• _Entries supplied_
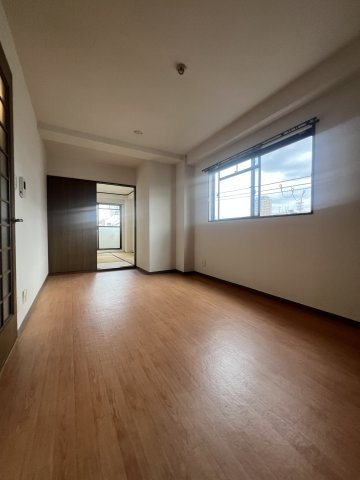 マンションOMOYAの居間・リビング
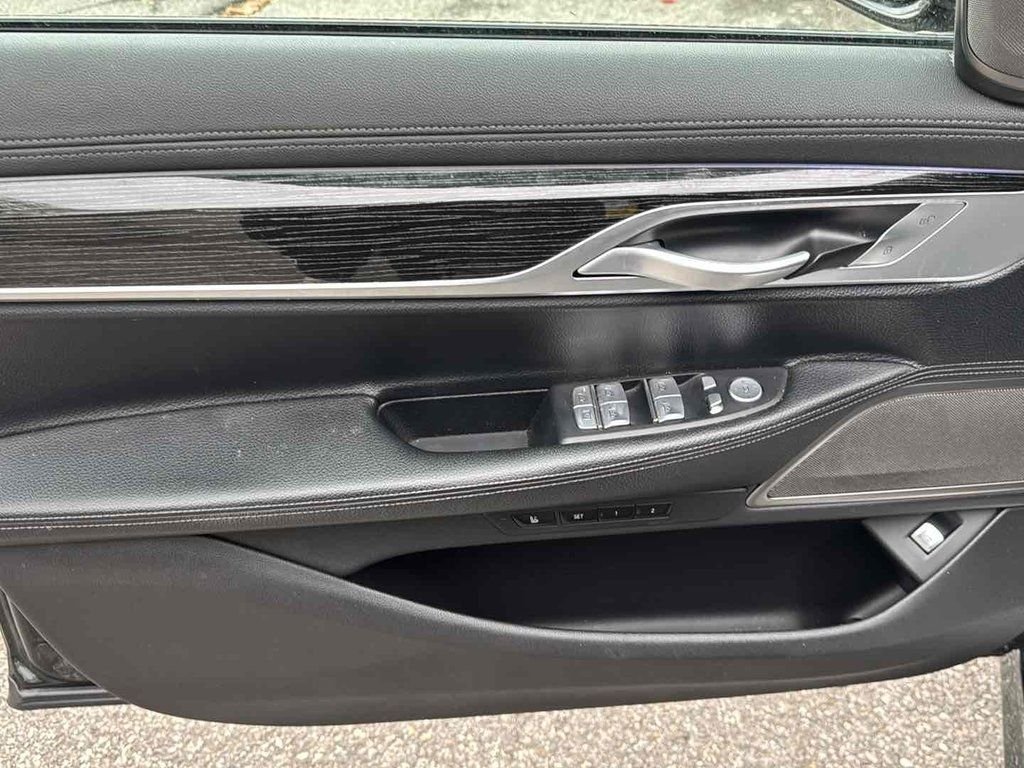 Used 2022 Black BMW 740i image 31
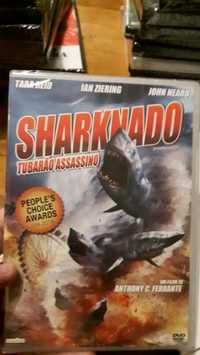 Triologia sharknado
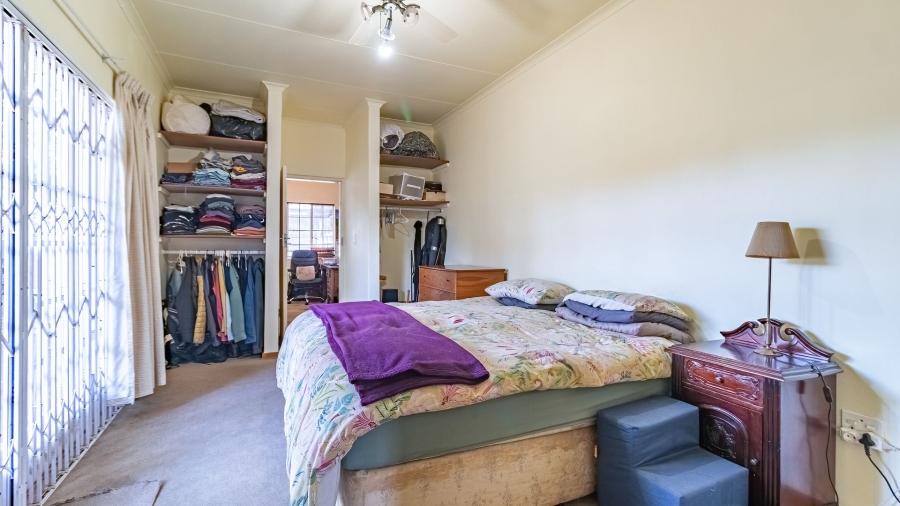4 Bedroom Property for Sale in Hurlyvale Gauteng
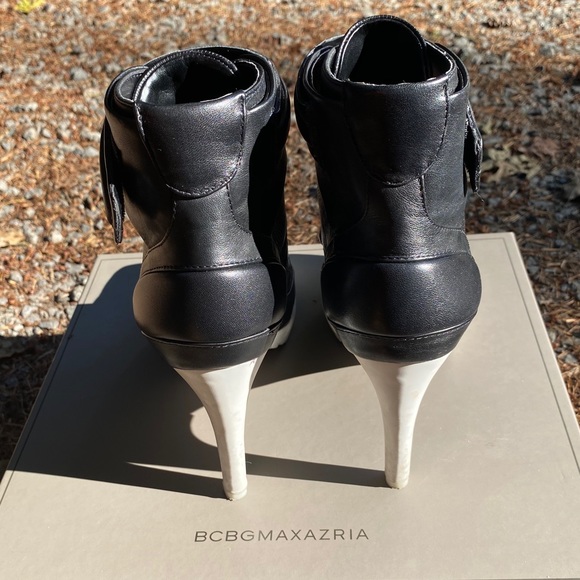 BCBGMaxAzria Ma-Powe Boots - Picture 5 of 8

• _Exercise prompt_
In the copy, include each entry exactly as written and none of the pictures.

• _Solution to this exercise_
 マンションOMOYAの居間・リビング
 Used 2022 Black BMW 740i image 31
 Triologia sharknado
4 Bedroom Property for Sale in Hurlyvale Gauteng
 BCBGMaxAzria Ma-Powe Boots - Picture 5 of 8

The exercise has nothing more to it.